# [SOLVED] Power Managment w KDE 4.3

## follow_by_white_rabbit

Po staniej aktualizacji (na oko pakiety nie miały nic wspólnego zarządzaniem energią) przestały działać wszelkie wskaźniki stanu baterii, oszczędzania energii itp itd w KDE 4.3, a manager urządzeń i panel power managmnet z centrum sterowanie nie ma informacji o procesorach i dyskach.

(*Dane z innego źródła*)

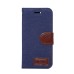 Jean Cloth Design Magnetic Stand Flip Leather Case for iPhone 7 - Dark Blue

Wcześniej wszystko działało out-of-box, więc sprawdziłem jądro, acpi, reemergowałem kde-base/powerdevil, sprawdziłem usługi i demony... i nic dalej to samo. Ktoś może pomóc ??Last edited by follow_by_white_rabbit on Sat Jul 03, 2010 11:23 am; edited 1 time in total

----------

## lsdudi

masz sys-power/guidance-power-manager ??

poka emerge --info

----------

## follow_by_white_rabbit

Można już odznaczyć jako [SOLVED]. Co prawda nie wiem jak, ale w jakiś cudowny sposób zarządzanie energią powróciło (dokładnie 2h po założeniu postu na forum  :Wink:  ).

----------

## Kurt Steiner

No to oznacz jako [SOLVED] - to Twój wątek...

----------